The downside of applying without submitting your test scores is that everything else has to be really strong. Schools know that some really smart, hard working students don’t test well. Just send in your GPA, extracurriculars , teacher recommendations and write that killer essay. Best of luck!
Thank you all so much for your input! I think this is a viable option for my daughter if she can’t get those scores up, she’s been doing ACT prep all weekend, less than 4 weeks until the October sitting.
The spread of TO is actually terrific as it allows more options and choices for students.
If someone isn’t good at testing or doesn’t want to play that game, then they don’t have to.
Lots of different paths to a goal.
I suspect TO schools to have a highly “artsy” student body, based on the research I have read. Put another way, these schools either have a small number of students graduating with majors such as analytical philosophy, economics, physics, math and computer science, or they would have to really ease up on grading to attract them.
Really curious to know if my analysis is on target.
That may be true for some, but not for all. Notably, among “national universities” that I’m most familiar with, I wouldn’t put Wake Forest or WPI in that category. Nor would I categorize Rochester and NYU, which are “test flexible,” as schools that are lacking in majors like those you listed.
My analysis of Rochester’s decision to be test flexible suggests the other side of the coin—a school with a strong STEM reputation that wants to keep the admission doors open to applicants with an interest in humanities and arts in order to maintain a balanced student body.

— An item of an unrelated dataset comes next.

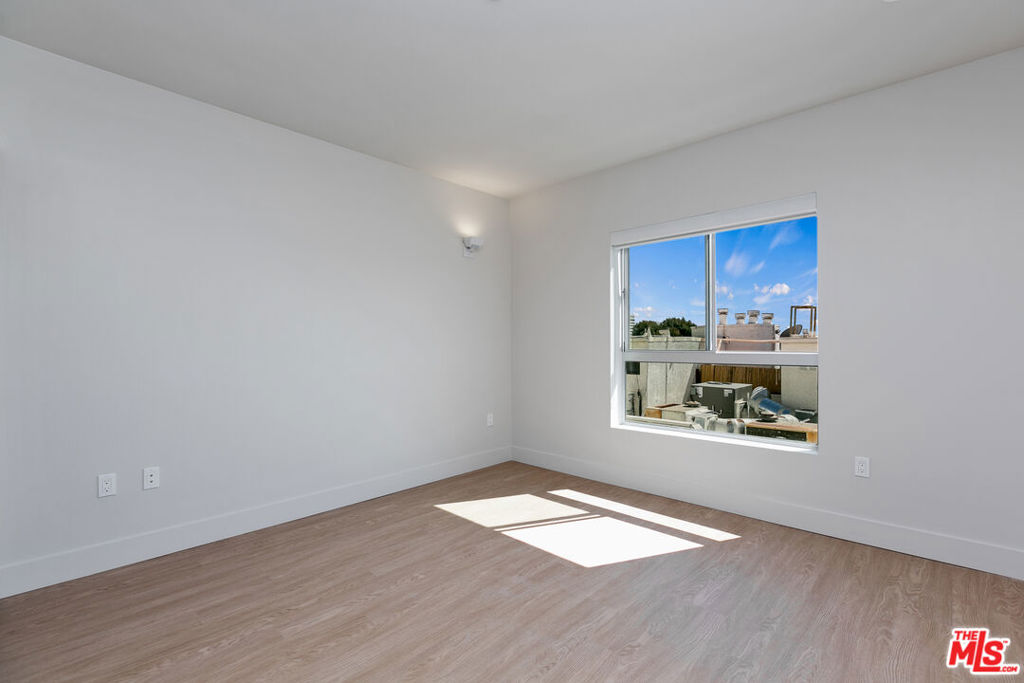 MLS #26865711 image #9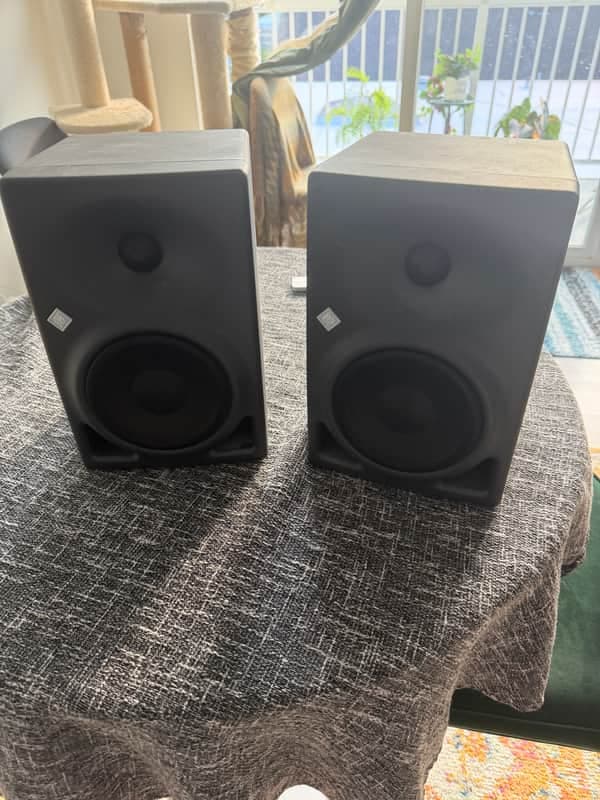 Neumann KH 120 A 5.25" Active Nearfield Studio Monitors (Pair) 2010s - Gray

Its test-flexible admissions policy is also very much in keeping with its general approach to curriculum, but does not reflect a lack of analytical courses of study or a dearth of students who excel at math and science.
@Canuckguy it doesn’t necessarily follow that TO schools are arty. Schools like Harvard, Bowdoin, and several others known more for academics than art are TO. Bryn Mawr is very academic and less arty for example. Smith is very academic and is test optional.
You are not wrong to look at the individual school’s culture, however.
@Data10 has it more correct to look at the individual school’s history.
Sarah Lawrence was famous at one time for going head to head with USN&WR because that ranking is at polar opposite to SL’s philosophy. SL president at the time called out USN&WR and their punishing antics. On the holistic education continuum of schools, I’d place SL at the far end with Hampshire College and Marlboro and maybe Quest U in Canada. Reed also tried for awhile at least to eschew USN&WR but it looks like they capitulated as they are creeping up in the USN&WR ranks. Hampshire, SL, Marlboro and a few others that are less concerned about tests (or actively discourage them) are looking to teach the entire person not at minutiae of datapoints, to generalize. Some schools may disagree with that philosophy and trust instead that a test taken on one day of the life of a developing person is an accurate snapshot of that person’s potential, but that’s not how this group of schools seem to operate, to generalize. Hampshire still appears at the end of the USN&WR listing as unranked as a result, proudly still being punished by USN&WR. SL found the USN&WR punishment too devastating. If you search CC threads you should still be able to find people saying things like: Isn’t Sarah Lawrence a “good” school? Why are its rankings so low if it’s a good school? And then people have to explain the whole USN&WR punishment thing. The vast majority of applicants won’t look that deep and just assume that SL is not a good school based on that one number. Hampshire seems to also be suffering because of this, as last year even though it’s a fine school that produces really fine graduates, it didn’t fill. They may rethink the no-test-scores thing too if this keeps up. (They aren’t even test-optional. They don’t want test scores. And they have reported that it has attracted a very solid, interesting group of students.)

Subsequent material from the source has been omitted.